YEAR 1481

Machu Picchu

Construction is believed to have begun around this time on Machu Picchu, the famous Incan city high in the Andes mountains of Peru.

Machu Picchu
THE FULL STORY

High in the Andes mountains of Peru, around the year 1481, Incan stonemasons were busy carving a city from the clouds. Their emperor, Pachacuti, had ordered a royal estate built on a knife-edge ridge between two towering peaks. They called it Machu Picchu, meaning Old Mountain. To get there, you had to climb thousands of feet along narrow paths, and once you arrived, you stood almost 8,000 feet above sea level with mist drifting through the temples.

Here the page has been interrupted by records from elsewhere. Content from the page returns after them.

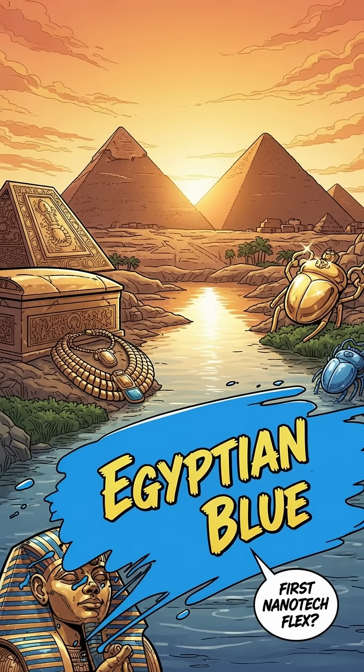Picture ancient Egypt — gold, pyramids, and the world's first nanotech flex: Egyptian blue.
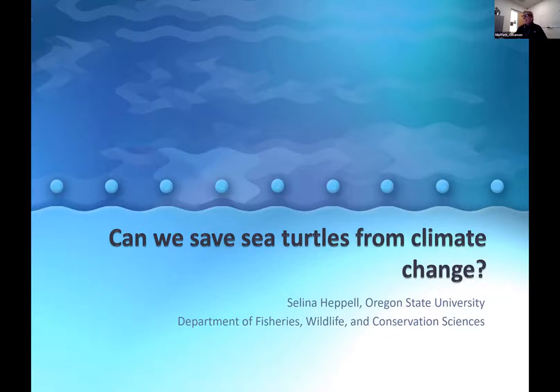Thank you everybody for joining us today for HMSC's virtual Science on Tap. I hope you are someplace comfortable with some good food and drinks. My name is Cinnamon Moffitt and I'm the research program manager at Oregon State University's Hatfield Marine Science Center located in Newport, Oregon, and I will be your host for tonight's talk.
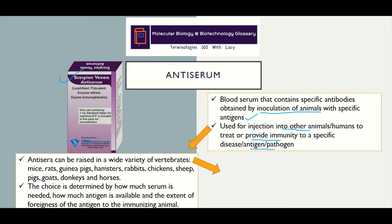Antisera can be raised in a wide variety of outbred animals. For example, we can use mice, rats, guinea pigs, hamsters, rabbits, chicken, sheep, pigs, goats, donkeys, and horses. The choice of which animal to use is determined by how much serum is needed, how much antigen is available, and the extent of foreignness of the antigen to the immunizing animal, such that it is able to elicit a sufficient immune response.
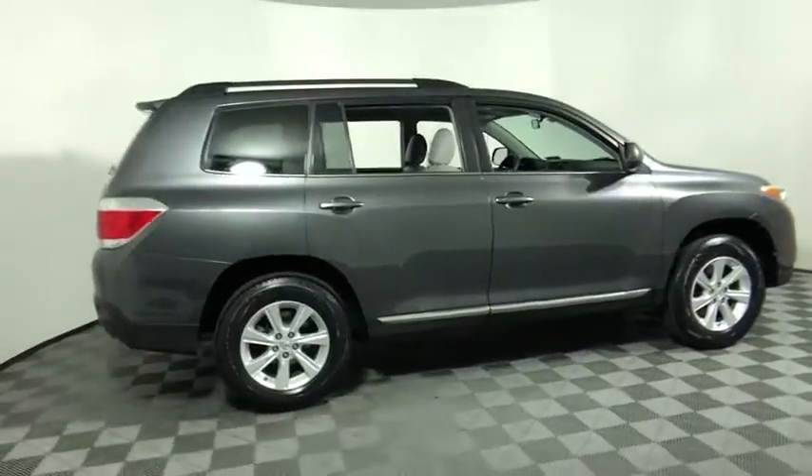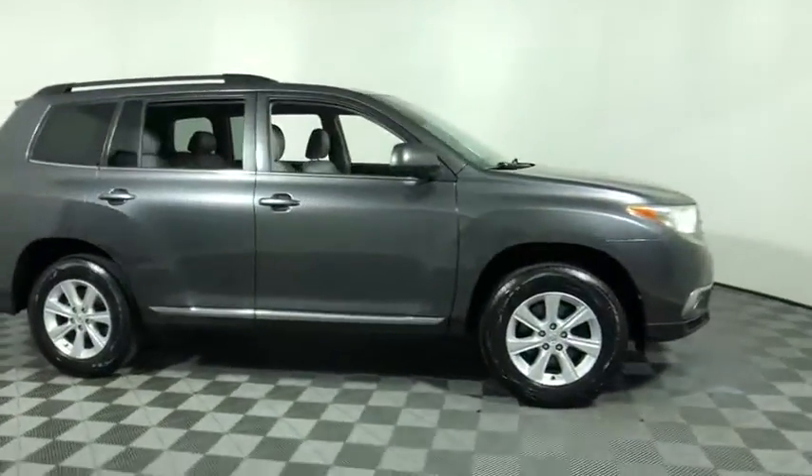We are pleased to show you the 2011 Toyota Highlander. The Highlander is the SUV that's thought of everything.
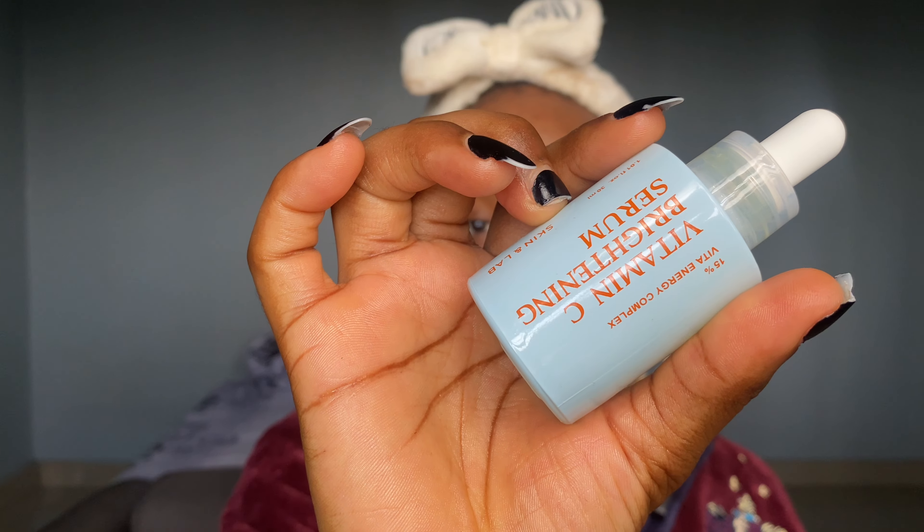The next product I'm going to be using in my routine is this Vitamin C Brightening Serum from Skin and Lab. Most people use vitamin C alone in their routine to help fade hyperpigmentation, but I'm going to tell you right now that alone is not going to do the job — you need to pair vitamin C with other ingredients that also help to fade hyperpigmentation.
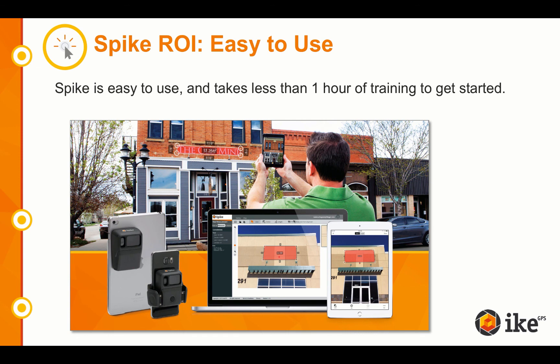Lastly, the final ROI category is ease of use. Spike is as easy to use as taking a photo with a smartphone or tablet. You're simply pointing at the sign or surface you want to measure with the Spike laser, taking a photo, correcting for angles, and then you're ready to start taking measurements.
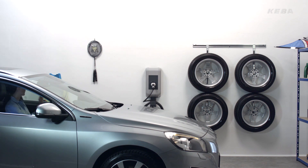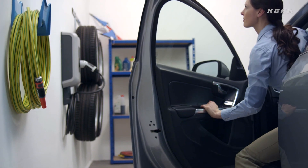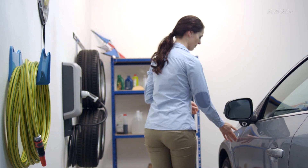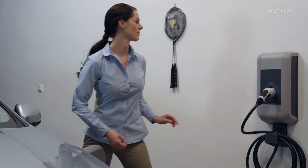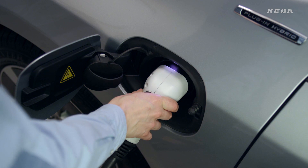The KeyContact P20 charging station charges up to 10 times faster than a standard domestic socket. Thanks to its fast charging capability, the availability of the electric vehicle is kept at a high level. Thus, the charging process only takes around just one hour.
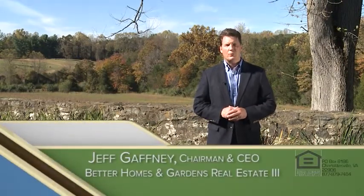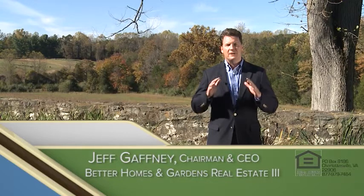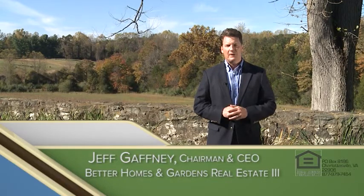Welcome back. Today's feature home is Rosalind Farm. It's 5,000 square feet on 21 acres, just minutes from downtown. Let's go take a look.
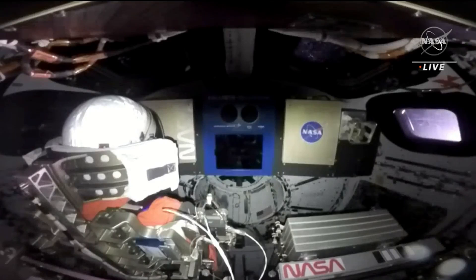This view from inside the Orion vehicle — this is an uncrewed test flight. On the left of your screen, we have one of our purposeful passengers, our Moonikin, who is wearing the Orion Crew Survival space suit. This will be the space suit utilized by astronauts when they launch to the Moon on Artemis II.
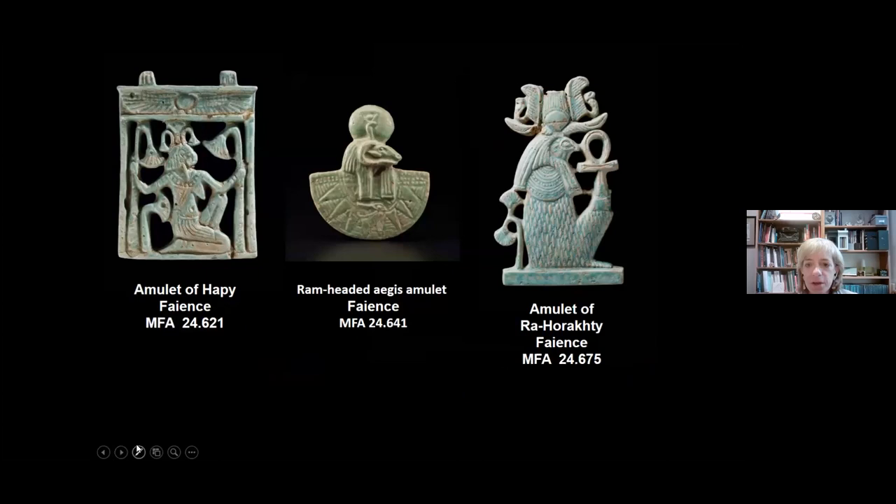We also have a number of amulets that look rather Egyptian—gods borrowed from Egypt. For example, this is Hapi, the god of the fertility of the Nile floods, which were the source of agriculture and the only way people could live in the Nile Valley. He's shown as a man with pendulous, feminine breasts. In the center we have Amun in what is called an aegis—a sort of shield shape surmounted by the god. And here we have Ra-Horakty, a form of the sun god Ra on the horizon as he rises.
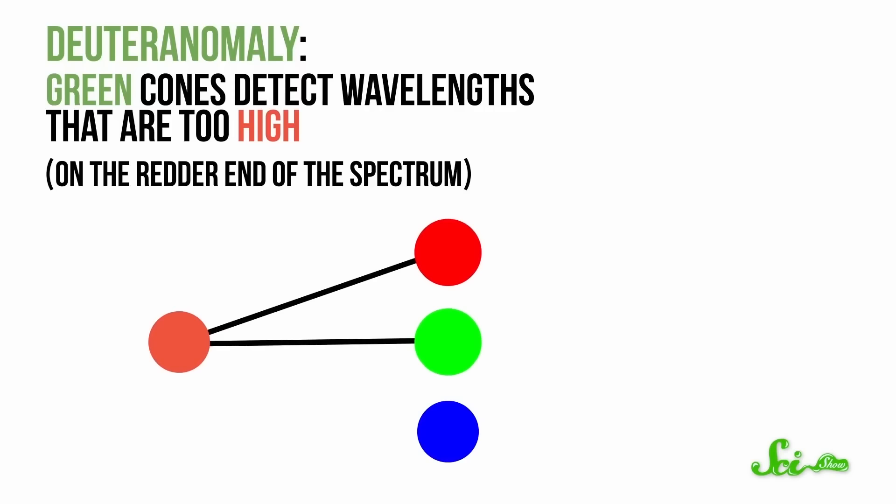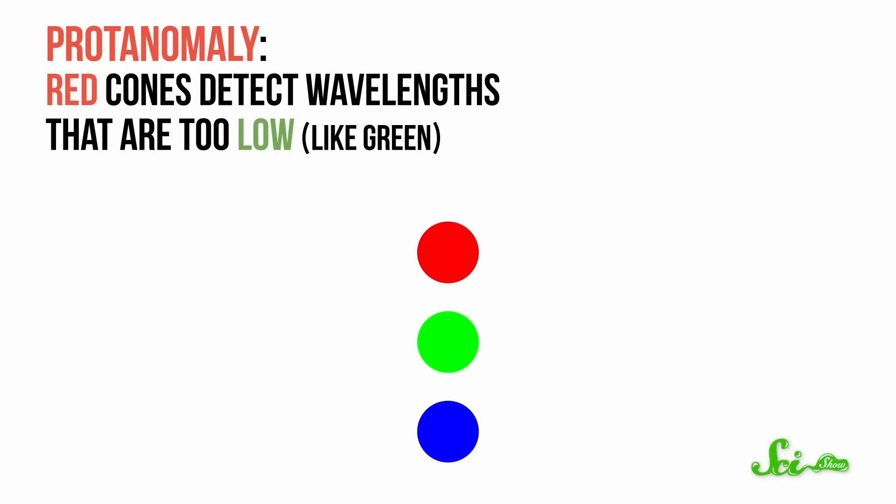That's why most colorblind people confuse green and red. In deuteranomaly, the green cones detect wavelengths that are too high — on the redder end of the spectrum — so red light activates both red and green cones, which the brain interprets as a kind of yellowish color. Protanomaly is kind of the opposite: the red cones detect wavelengths that are too low, so green light can activate the red cones. Either way, the red and green cones are activated by similar wavelengths, causing confusion, and both colors can look yellowish.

The builders had no metal tools, no wheels, and no written plans, yet they fit giant stones together so precisely that you still can't slip a knife blade between them. They carved terraces into the mountainside for growing potatoes and corn, built fountains fed by mountain springs, and aligned temples with the sun's path so that on special days, light would strike just the right stone. About 750 people lived there at its peak, including priests, servants, and llama herders.

Then, less than a hundred years later, the Inca abandoned Machu Picchu. Nobody is completely sure why - maybe the Spanish conquest in 1532, maybe disease. Vines and jungle swallowed the city. Locals knew it was there, but the wider world forgot. In 1911, American explorer Hiram Bingham, led by a young Quechua boy, climbed up the mountain and rediscovered the ruins. Today Machu Picchu is one of the most visited places on Earth, and engineers still study its earthquake-proof stonework, hoping to crack the secrets of the Inca masters.